══ Available data ══

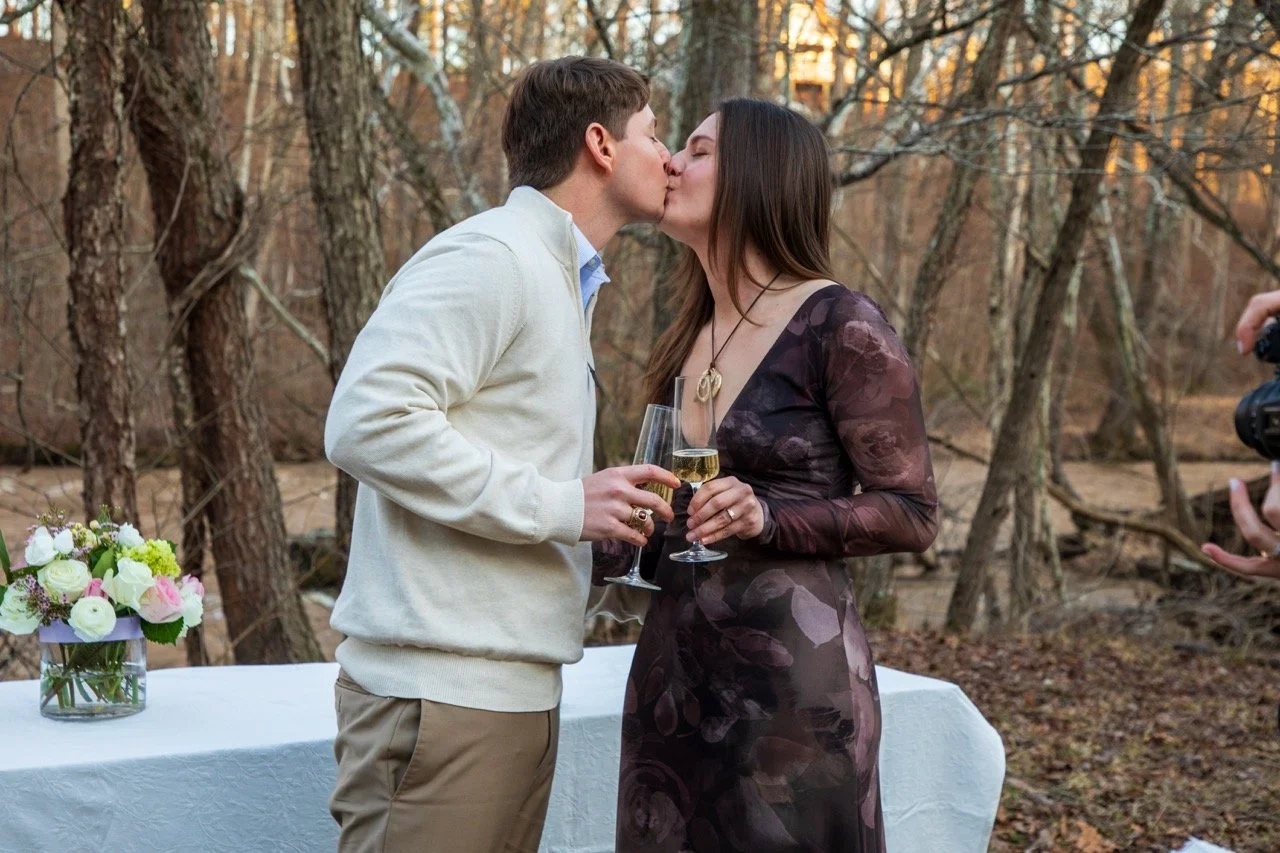 Caroline and Clay pouring glasses of champagne to celebrate their engagement in Richmond, VA.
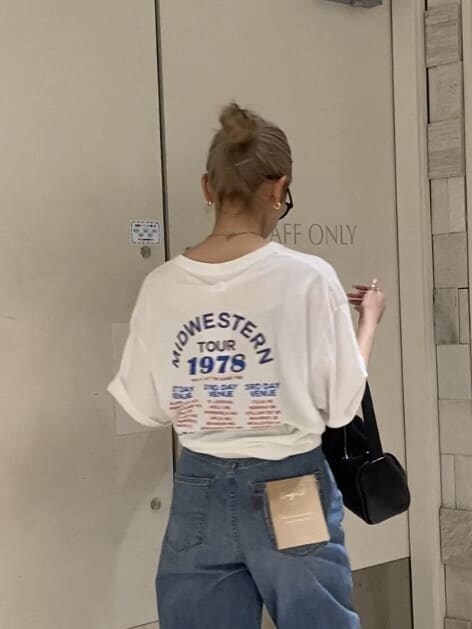 ブルー系のデニムパンツ、ホワイト系のTシャツ/カットソー、ブラック系のサンダルを着用したレディースの夏コーディネートの4枚目の写真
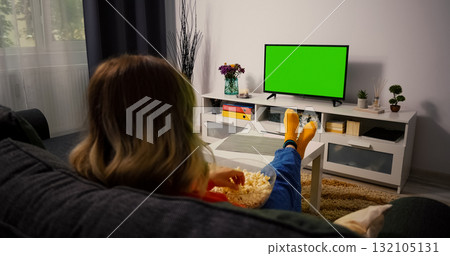 Woman Watching Green Chroma Key Screen TV, Relaxing. 132105131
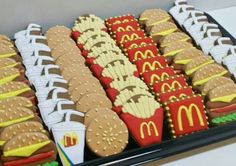 a tray filled with lots of different types of cookies on top of a table next to each other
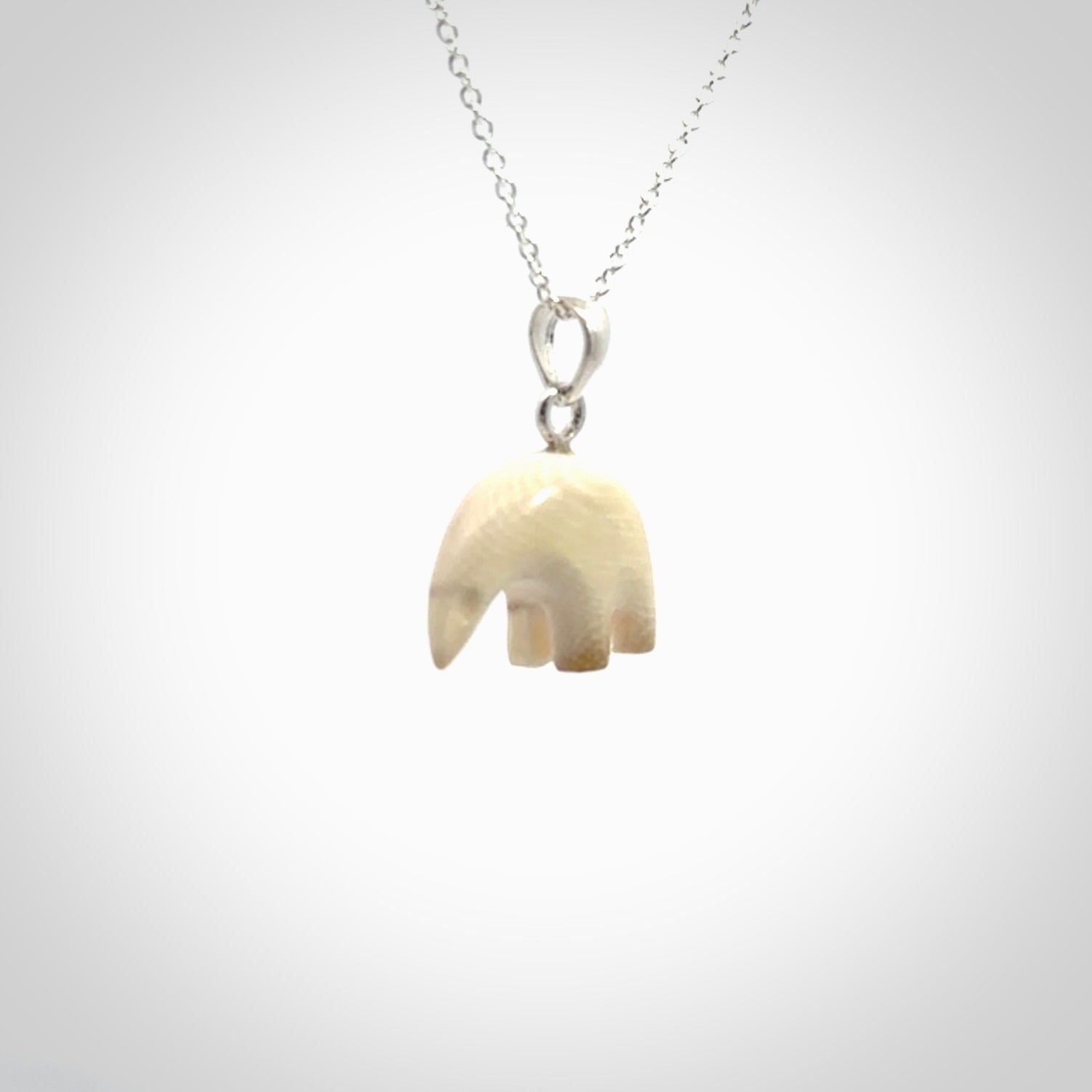 Hand made woolly mammoth tusk sea bear necklace with Sterling Silver. Mammoth tusk polar bear pendant with Sterling silver surround and chain. Made by NZ Pacific and sale online only.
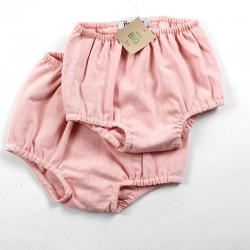 Idée cadeau de naissance pour ce bloomer cache couche rose façon layette nature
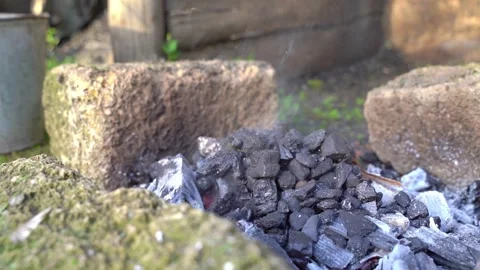 Charcoal ignition in rustic setting Stock Footage 287265247
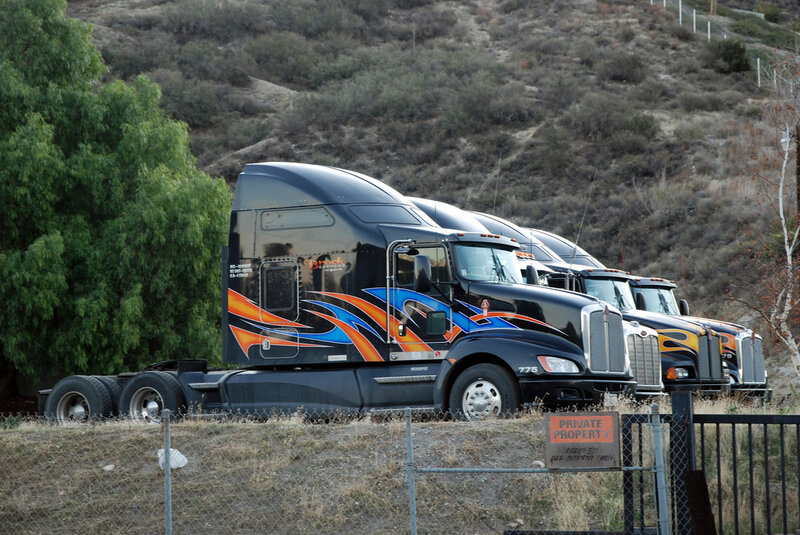 trucks parked on a hillside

═══

→ What you are asked to do
What is needed is an exact copy of only the lines from the line containing "ブルー系のデニムパンツ、ホワ" through the last line of the entries, inclusive, without the pictures.

→ Response area
 ブルー系のデニムパンツ、ホワイト系のTシャツ/カットソー、ブラック系のサンダルを着用したレディースの夏コーディネートの4枚目の写真
 Woman Watching Green Chroma Key Screen TV, Relaxing. 132105131
 a tray filled with lots of different types of cookies on top of a table next to each other
 Hand made woolly mammoth tusk sea bear necklace with Sterling Silver. Mammoth tusk polar bear pendant with Sterling silver surround and chain. Made by NZ Pacific and sale online only.
 Idée cadeau de naissance pour ce bloomer cache couche rose façon layette nature
 Charcoal ignition in rustic setting Stock Footage 287265247
 trucks parked on a hillside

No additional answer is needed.